Building on the Obama Administration’s Investments in Community College to Strengthen Education and Job-Driven Training
Increasing Investments in Scholarships for Students. This Administration has invested over $66 billion in community colleges, providing over 19 million Pell scholarships to students attending community colleges; this funding to community colleges represents over one-third of all Pell grants. To continue improving and expanding these important investments, the Administration will soon announce selected pilot sites who for the first time will offer up to $20 million in Federal Pell Grants for over 10,000 high school students to pay for college courses typically provided by community colleges and put themselves on a fast-track to college completion before even setting foot on campus. Evidence shows that dual enrollment programs help high school students earn better grades and increase their likelihood of college enrollment, persistence and completion. In addition, to further strengthen community colleges, particularly for traditional underrepresented students, this Administration has invested $1.6 billion in Title III and Title V programs.

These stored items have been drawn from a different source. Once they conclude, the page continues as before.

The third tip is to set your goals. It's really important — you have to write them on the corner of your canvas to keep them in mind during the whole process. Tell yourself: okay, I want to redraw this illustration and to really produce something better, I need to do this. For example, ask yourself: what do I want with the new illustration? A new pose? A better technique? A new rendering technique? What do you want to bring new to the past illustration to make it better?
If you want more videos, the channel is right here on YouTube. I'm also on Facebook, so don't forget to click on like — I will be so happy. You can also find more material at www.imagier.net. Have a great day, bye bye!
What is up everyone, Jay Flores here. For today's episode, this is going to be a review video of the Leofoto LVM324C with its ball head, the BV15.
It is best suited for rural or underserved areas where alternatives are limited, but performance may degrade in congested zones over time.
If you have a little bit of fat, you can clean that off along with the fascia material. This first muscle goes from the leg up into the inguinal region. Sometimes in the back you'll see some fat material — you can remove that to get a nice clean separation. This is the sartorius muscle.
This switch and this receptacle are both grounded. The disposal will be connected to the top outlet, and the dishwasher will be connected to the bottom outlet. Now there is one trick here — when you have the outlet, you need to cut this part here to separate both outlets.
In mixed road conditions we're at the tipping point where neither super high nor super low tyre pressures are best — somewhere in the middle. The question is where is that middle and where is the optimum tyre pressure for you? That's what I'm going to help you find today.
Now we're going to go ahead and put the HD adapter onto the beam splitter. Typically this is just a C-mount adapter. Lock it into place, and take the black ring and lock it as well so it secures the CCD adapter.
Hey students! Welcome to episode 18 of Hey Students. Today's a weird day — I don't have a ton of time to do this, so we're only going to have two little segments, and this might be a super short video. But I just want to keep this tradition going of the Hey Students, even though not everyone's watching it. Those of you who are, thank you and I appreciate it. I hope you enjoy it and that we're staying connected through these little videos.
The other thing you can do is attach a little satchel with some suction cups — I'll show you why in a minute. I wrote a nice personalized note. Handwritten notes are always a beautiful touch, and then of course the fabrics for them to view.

$2 Billion for 2,300 In-Demand Education and Training Programs at Community Colleges in all 50 States. The Trade Adjustment Assistance Community College and Career Training (TAACCCT) program, provided more than half of our nation’s community colleges and other eligible institutions of higher education with funds to partner with nearly 2,500 employers to expand and improve education and career training programs that help job seekers get the skills they need for in-demand jobs in industries such as information technology, health care, energy, and advanced manufacturing. To date, nearly 300,000 participants have enrolled in these programs, earning 160,000 credentials. 40 states received grants that supported state-wide systematic change by including all or most community colleges in the state. Select examples of successful partnerships, which have reached more than 4,500 individuals, include:
o Motlow State Community College (MSCC) (TN). MSCC received $3.3 million and partnered with Bridgestone Tire Company to develop a new mechatronics training facility on-site at Bridgestone in Smyrna, TN. In addition to contributing to curriculum development, Bridgestone has contributed over $4 million towards renovations and equipment.
o Piedmont Technical College (PTC) (SC). As part of a consortium consisting of 10 of the 16 public, two-year colleges in South Carolina and funded at nearly $20 million, PTC partnered with 37 employers to redesign a new advanced manufacturing certificate program. Sixteen of the partnering companies and local county organizations collectively contributed $1.4 million to create the PTC Center for Advanced Manufacturing to support the program.
o Alpena Community College (ACC) (MI): ACC received $2.8 million to implement the Sustainable Solutions for Northeast Michigan: Green Jobs and Clean Energy project to build a statewide energy partnership network, which included the Michigan National Guard and DTE Energy and Consumers Energy, the two largest energy employers in Michigan as well as the state workforce development board. This partnership network designed and implemented a “Gas Energy Bootcamp,” targeting unemployed people and returning veterans. Program completers had a 96 percent employment rate.
Launch of New Health Career Pathways Initiative: Business-Led Effort to Expand Career Pathways in Healthcare Industry. One of the key goals of the America’s Promise grants and other federal funding is to spur longer-term, industry led efforts to prepare more people from all backgrounds for in-demand jobs. Today, leading healthcare employers are building on a career pathways framework developed with a $19.6 million Job-Driven Training Community College Department of Labor grant to better match up training with their needs at a more national scale.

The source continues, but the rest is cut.